Pictures do not belong in the copy; quote every entry below exactly.

#### DATA UNDER STUDY

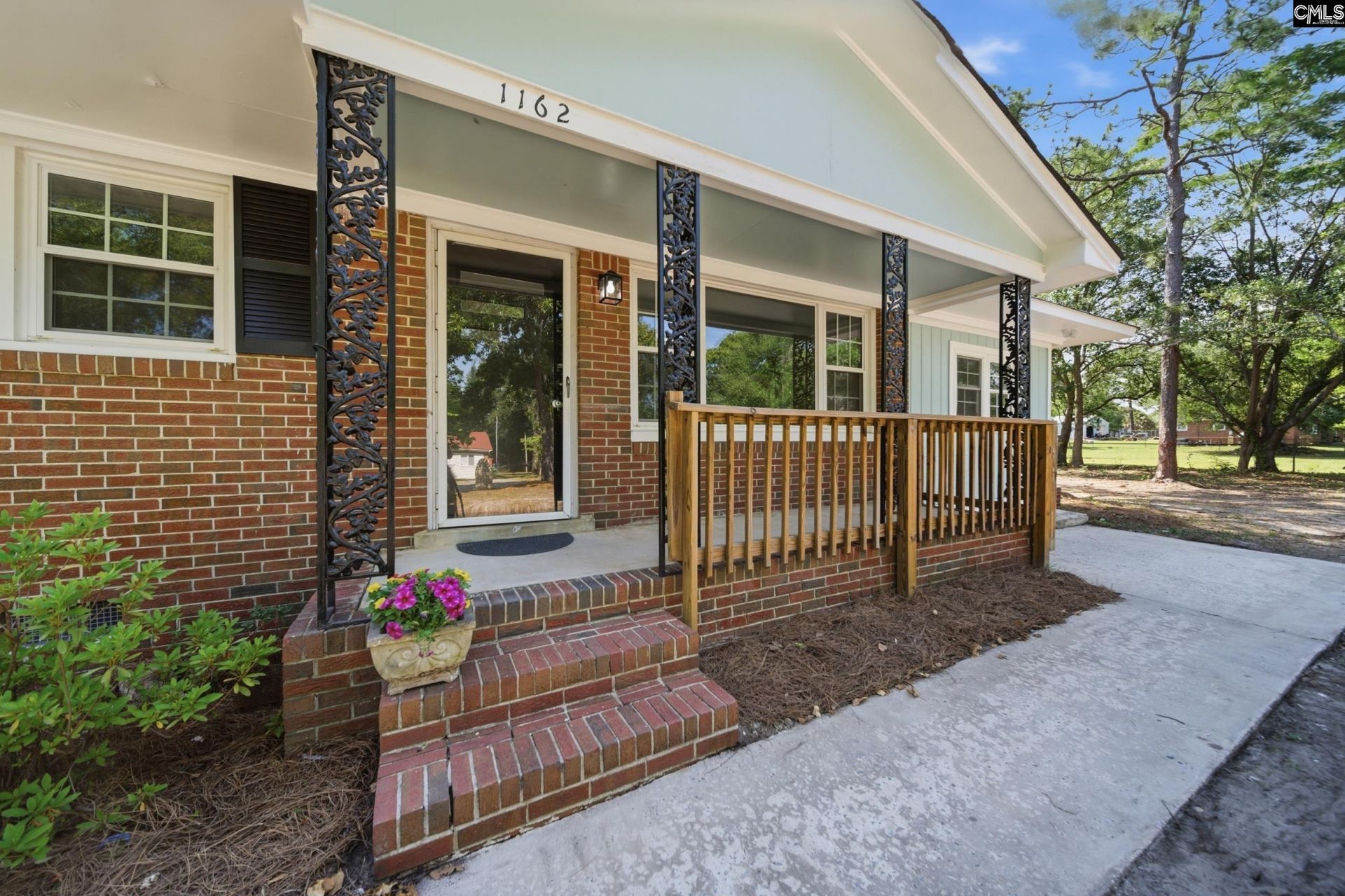 1162 Mcdonald Avenue Photo 4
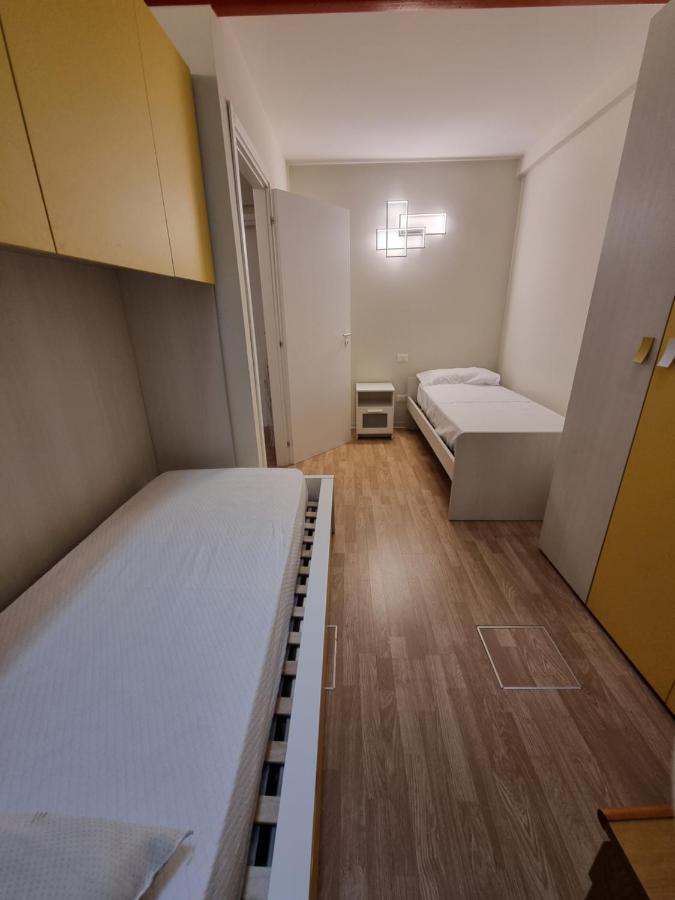 Movida Loft A Piazza Marconi Jesolo Lido - Spiaggia A 1 Minuto!!! リド・ディ・イエゾロ エクステリア 写真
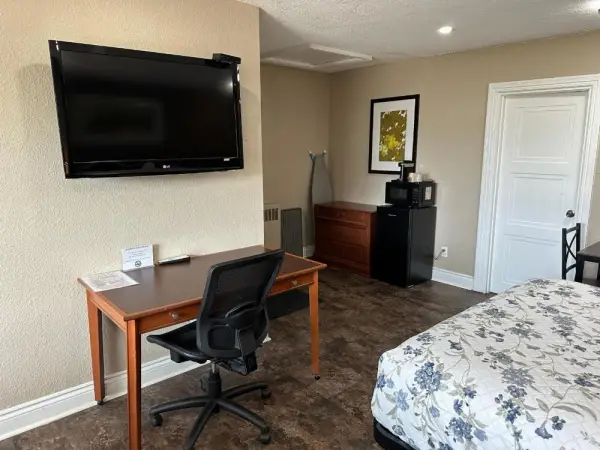 Champlain Motor Inn 4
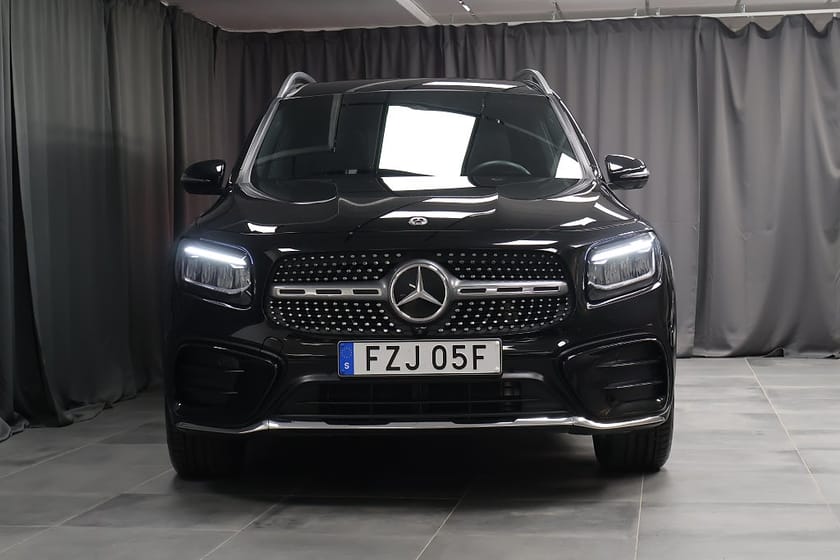 Bild 3 av Mercedes-Benz GLB 220 d 4MATIC AMG Premium Värmare Drag 360 Leasebar MOMS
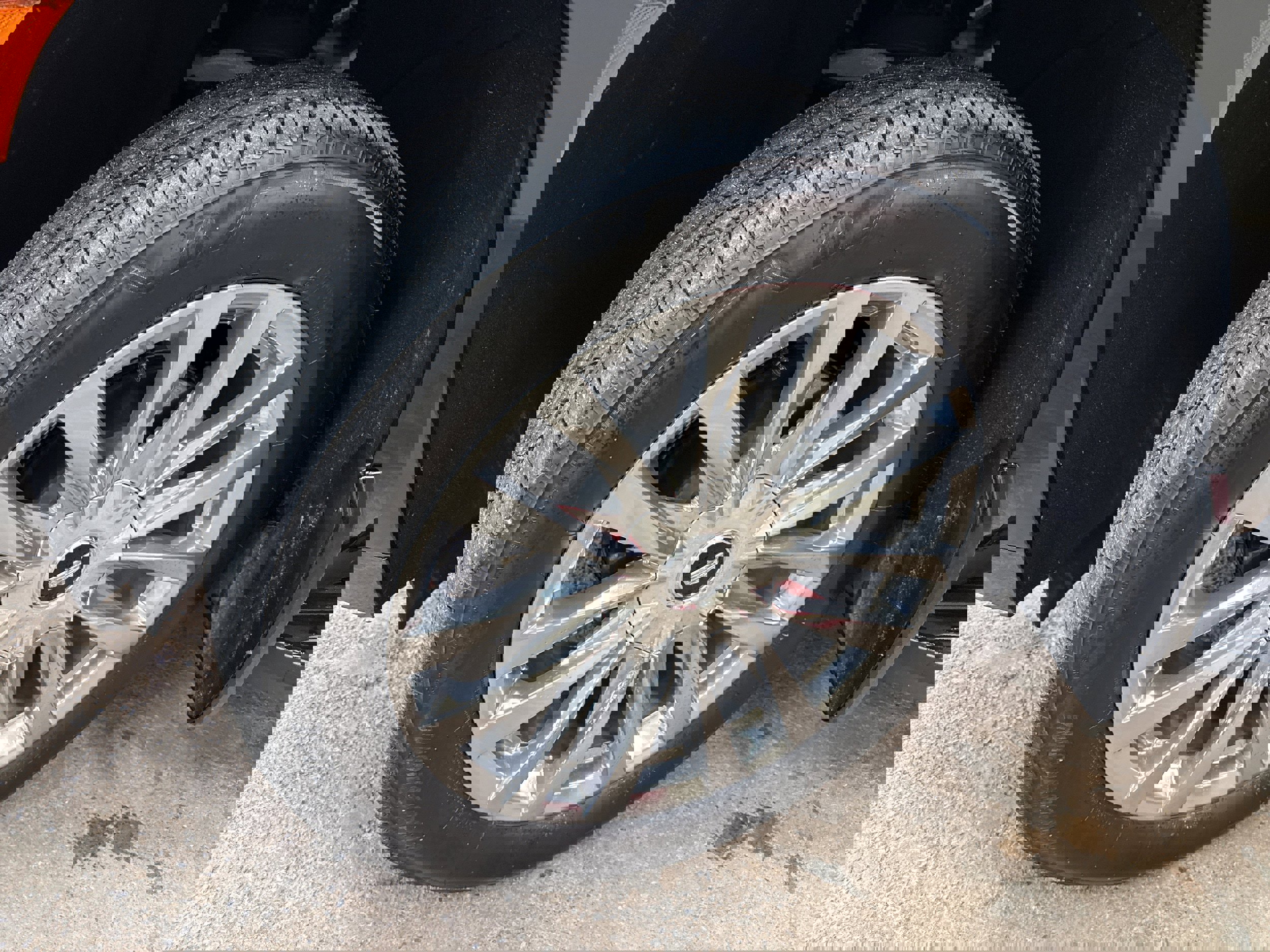 Used 2024 Cadillac Escalade Premium Luxury image 4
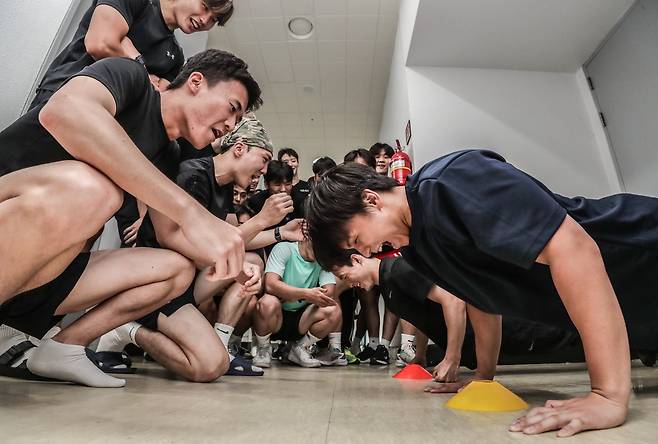 7일 팀 '앵그리 프로그' 특수부대 지망생들이 동료의 팔굽혀펴기를 독려하고 있다. / 고운호 기자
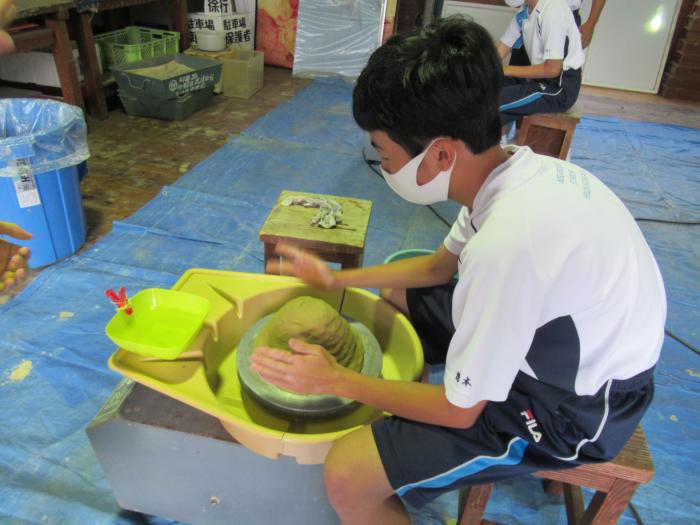 2年生の作陶の様子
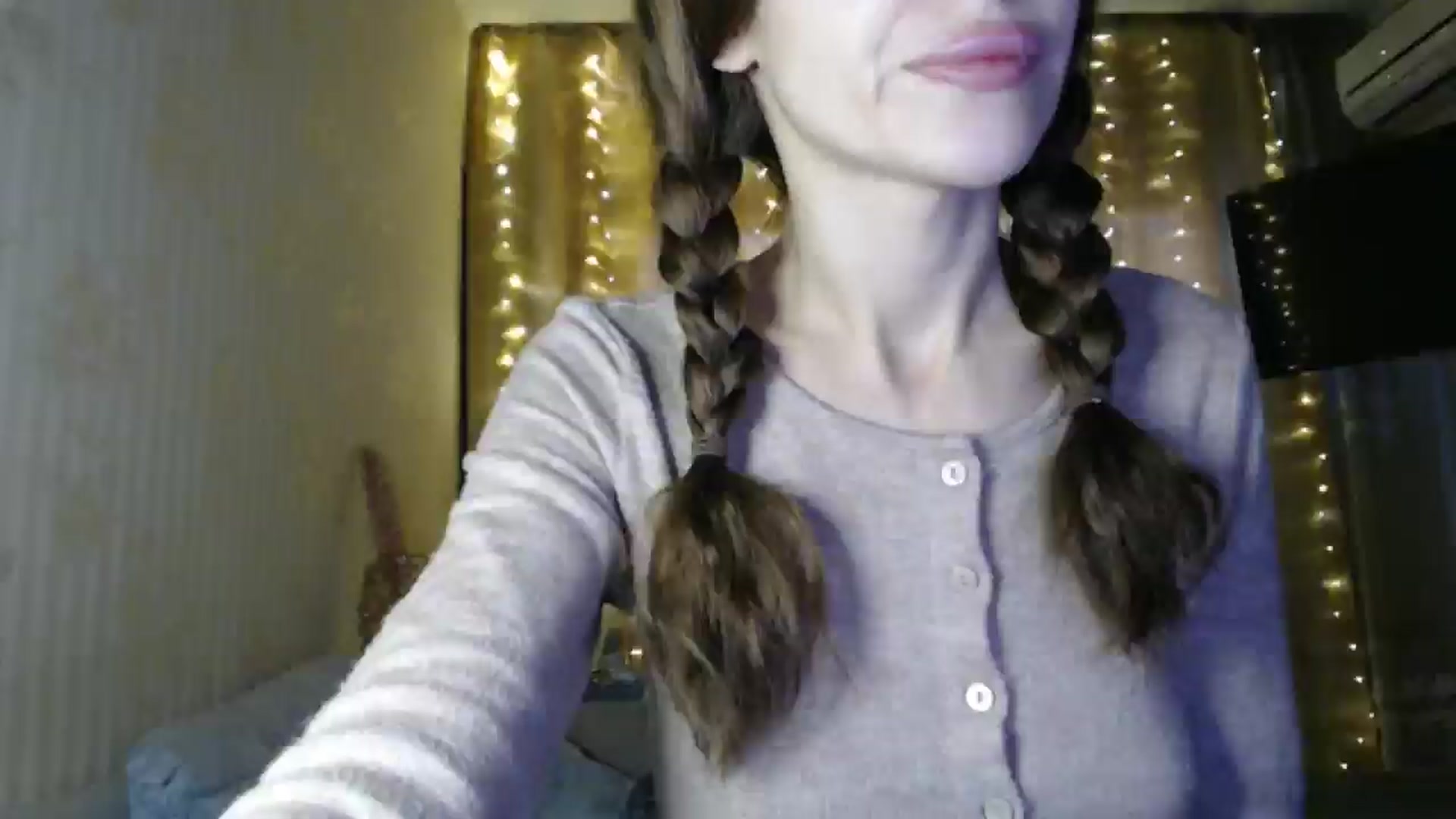 Gallery image thumbnail from Nora_Sweet's myfreecams stream on, 12/24/2024, 08:52 image 13 of 20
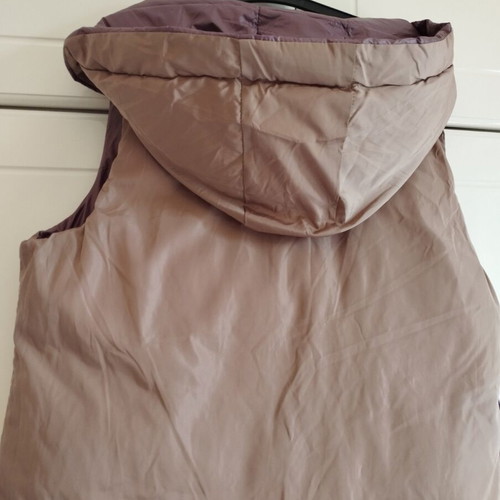 Women's double-face sleeveless jacket with hood like new size L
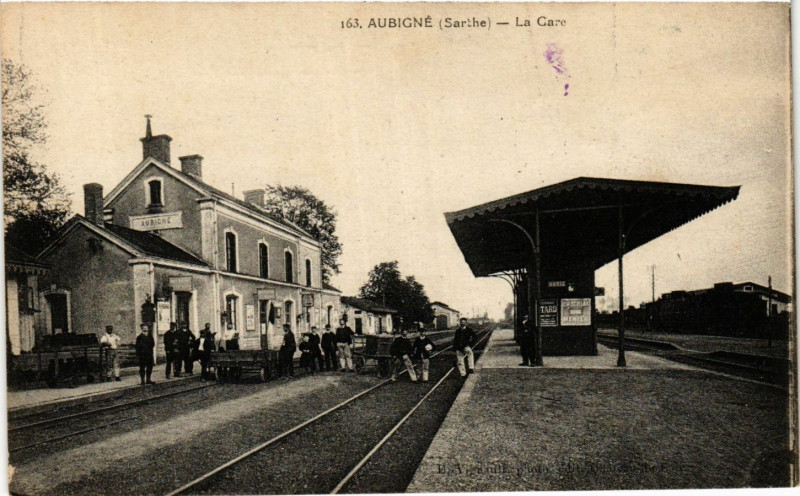 Carte postale ancienne Aubigne - La Gare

########

## ANSWER SECTION
 1162 Mcdonald Avenue Photo 4
 Movida Loft A Piazza Marconi Jesolo Lido - Spiaggia A 1 Minuto!!! リド・ディ・イエゾロ エクステリア 写真
 Champlain Motor Inn 4
 Bild 3 av Mercedes-Benz GLB 220 d 4MATIC AMG Premium Värmare Drag 360 Leasebar MOMS
 Used 2024 Cadillac Escalade Premium Luxury image 4
 7일 팀 '앵그리 프로그' 특수부대 지망생들이 동료의 팔굽혀펴기를 독려하고 있다. / 고운호 기자
 2年生の作陶の様子
 Gallery image thumbnail from Nora_Sweet's myfreecams stream on, 12/24/2024, 08:52 image 13 of 20
 Women's double-face sleeveless jacket with hood like new size L
 Carte postale ancienne Aubigne - La Gare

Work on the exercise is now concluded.